EXERCISE AIM
Your answer must be the lines from the one containing "Close-up of boats moored in canal" through the last line below, copied exactly, with no pictures.

INFORMATION GIVEN
##########

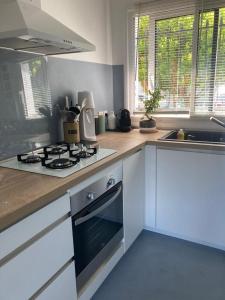a kitchen with a stove top oven next to a sink at Maison piscine Bassin Arcachon in La Teste-de-Buch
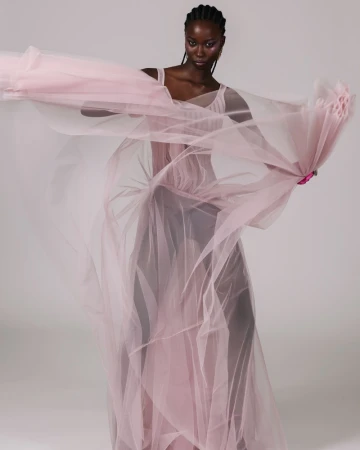Model in a flowing sheer pink tulle dress with arms outstretched against a neutral seamless studio background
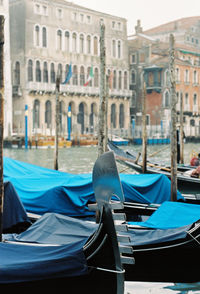 Close-up of boats moored in canal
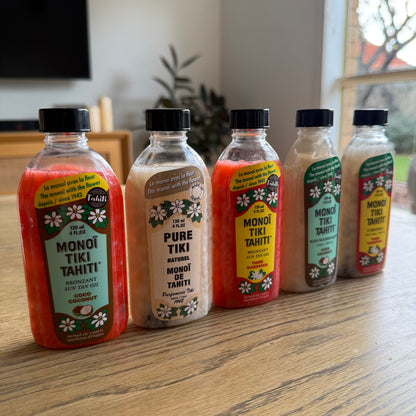 Bottles of Monoi Tiki Tahiti products on a wooden surface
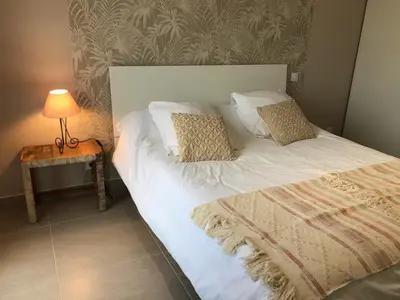 a bed with white sheets and pillows next to a table at PDM Appartement Paese di Mare in Santa-Lucia-di-Moriani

##########

YOUR RESPONSE
 Close-up of boats moored in canal
 Bottles of Monoi Tiki Tahiti products on a wooden surface
 a bed with white sheets and pillows next to a table at PDM Appartement Paese di Mare in Santa-Lucia-di-Moriani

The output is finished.